8Thus in a book called Penser la ville par l’art contemporain, François Delarue (2004: 6) enquires: “how can the appeal to contemporary art and call for a dialogue between urban planner and artist give meaning to urban space or confer it with multiple meanings? How can this help rediscover the landmarks, reinforce the identity of living spaces, and the sense of belonging to a territory and a society?”. The artist and architect show us the extent to which new artistic expressions may be different and varied. Discord between art, architecture, and the city is an invitation to find new ways of thinking about openness and of constructing the city. The objective is to open discussion about the new role of artists. If artists find an innovative expression resulting from a dialogue with other disciplines such as architecture, urban planning, and landscaping, this will give rise to urban space with enhanced, regenerated sensory dimensions, bearing new qualities, making it possible to better meet inhabitants’ needs for conviviality.

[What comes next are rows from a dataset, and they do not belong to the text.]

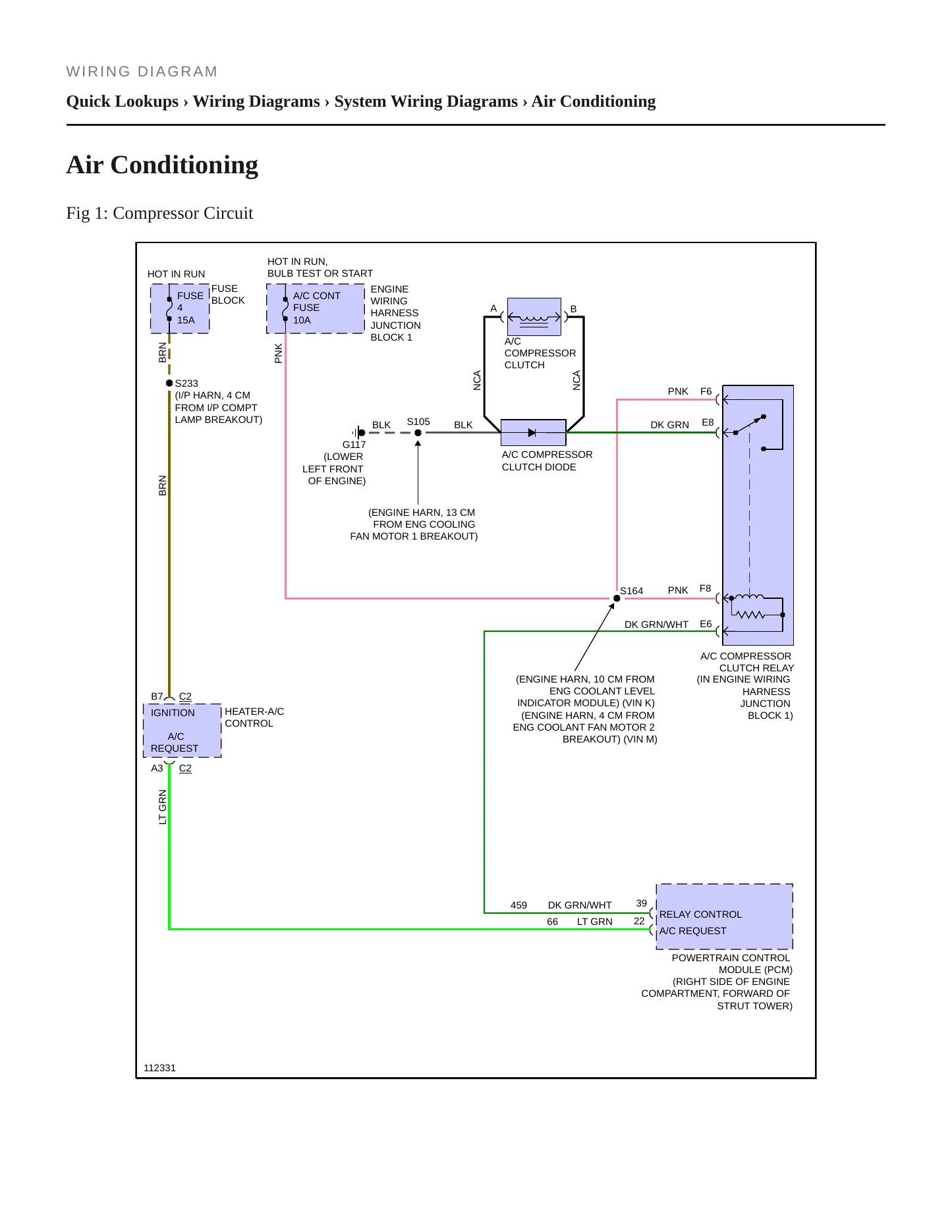 1999 Chevrolet Monte Carlo Service and Repair Manual preview page 8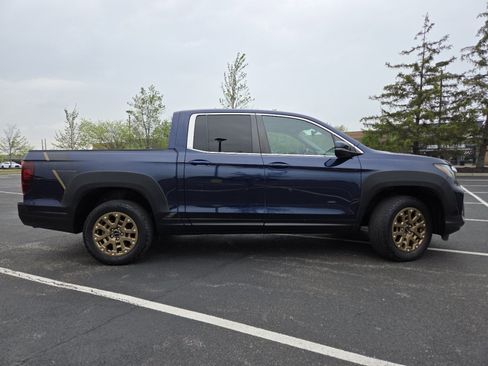 Certified 2023 Honda Ridgeline RTL image 24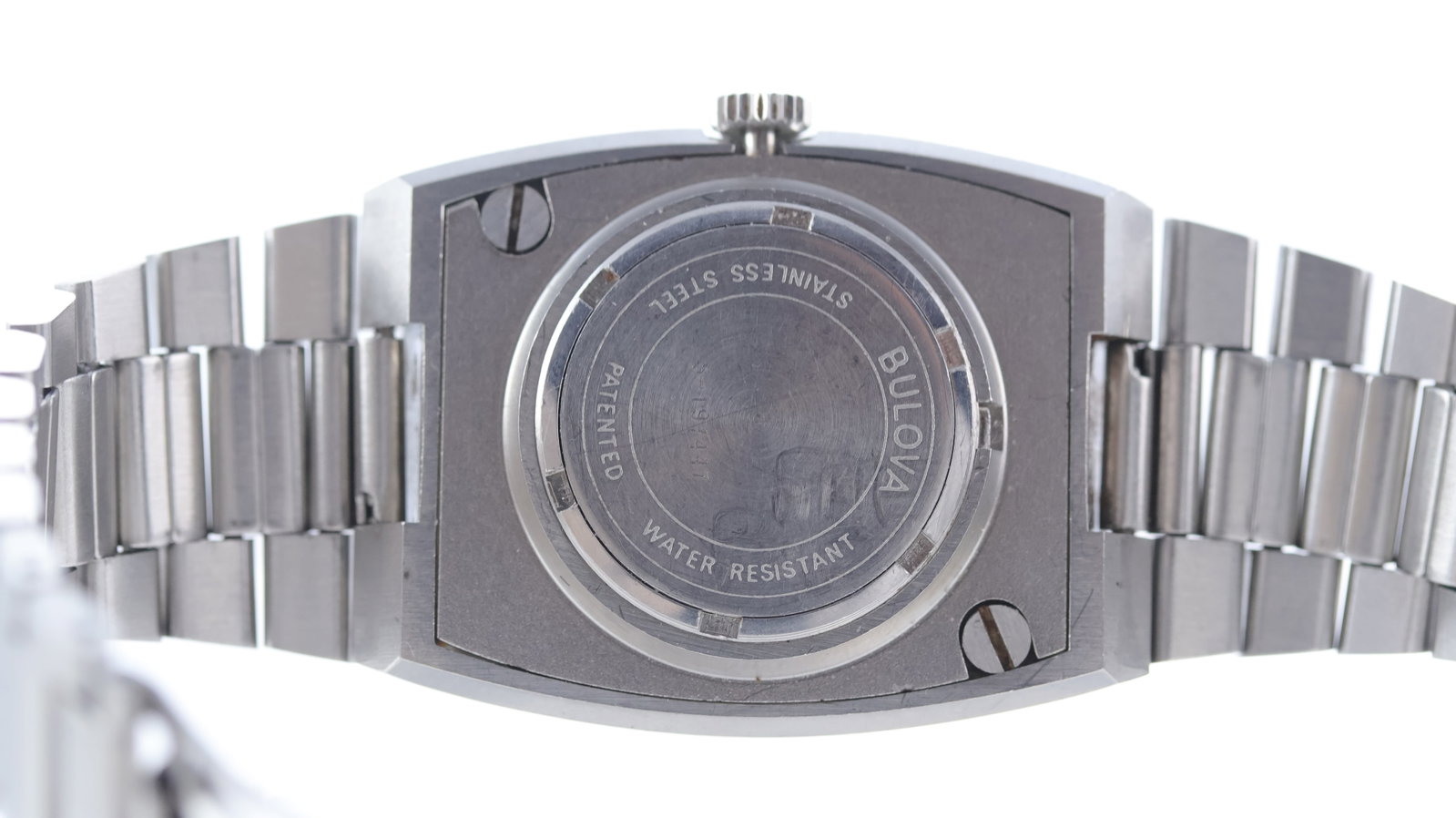 Vintage Bulova Accutron Ref 7866 Circa 1976 - 5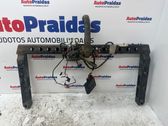 Tow bar set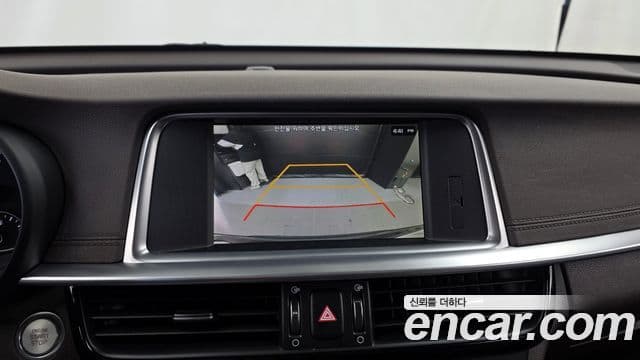 Kia The / новый New K5 гибрид 2세대 Noblesse, 2019 15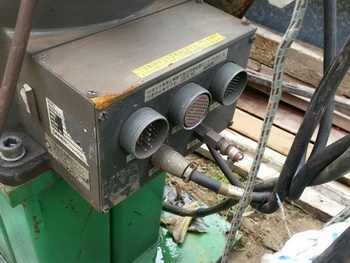 ขาย เครื่องเชื่อม robot แบบใช้แก๊ส คาร์บอนไดออกไซด์ co2 เชื่อมงานได้สวยมาก ไม่มีขี้ เก่านอกแท้ ขาย เครื่องเชื่อม robot แบบใช้แก๊ส คาร์บอนไดออกไซด์ co2 เชื่อมงานได้สวยมาก ไม่มีขี้ เก่านอกแท้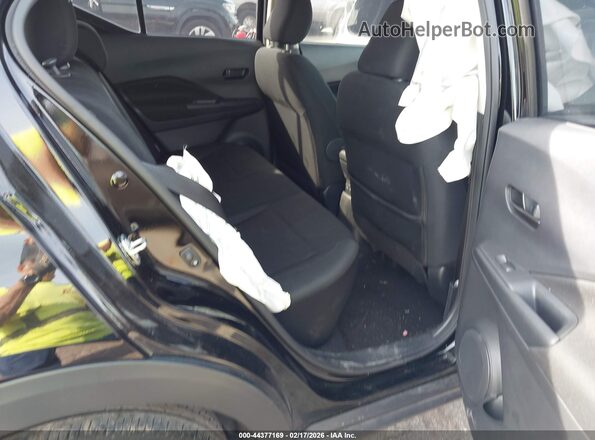3N1CP5BV1SL480928 2025 NISSAN KICKS PLAY Черный Вид наклейки с VIN-кодом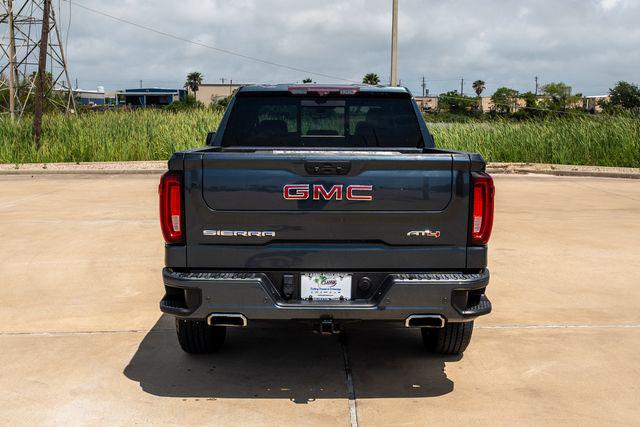 2021 GMC Sierra 1500 4WD Crew Cab Short Box AT4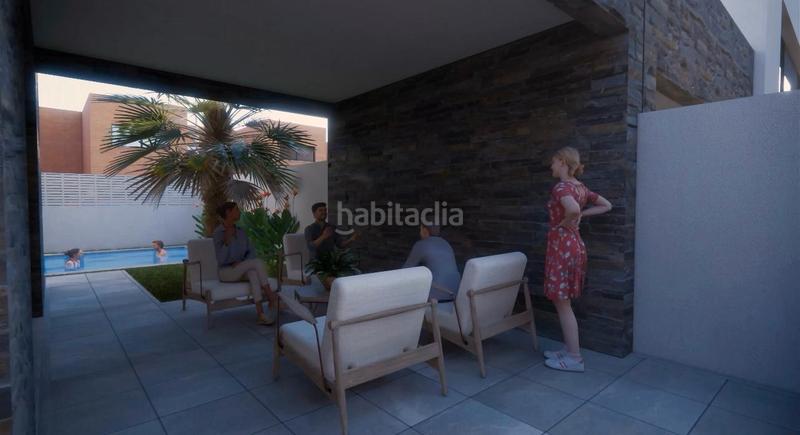 Foto 0d806d61-4ec8-407d-a4e8-d6f9182d1df1. Casa pareada en calle antonio gramsci 9 garden vv4 esq en Huércal de Almería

9But art hesitates between isolation, withdrawing into itself, and relation, dialogue. It aspires to being the great laboratory for new architectural and urban forms. Yet one may state that in western cities, contemporary public art has not been sufficiently integrated into urban space. There has not been enough dialogue between the installation, the artwork, and the working living city in motion with citizens on the go. The artwork as end in itself, as isolated topos, refuses to be integrated into this contemporary city, this set of flows. Reduced to an artefact, a fabricated object like any other industrial or cultural product, it plays a merely decorative role. Yet it could play a certain part in implementing city-dwellers’ spatiotemporal activities, and this without losing its specificity and its halo generated by isolation. The work of art may serve to link seemingly opposed spaces, both emphasizing and smoothing out contradictions in urban space. In venues where art can encounter city dwellers, on agoras, it can summon different stakeholders and communication institutions. But for that, a genuine dialogue needs to be established between artists and commissioning bodies, between architects and urban planners. This would alert public authorities to the benefits which may accrue when citizens, space, culture, and business interact. This in turn would make it possible to work towards generating an environment helping citizens to flourish, and to identify the tools needed to develop such a stance over the long term. 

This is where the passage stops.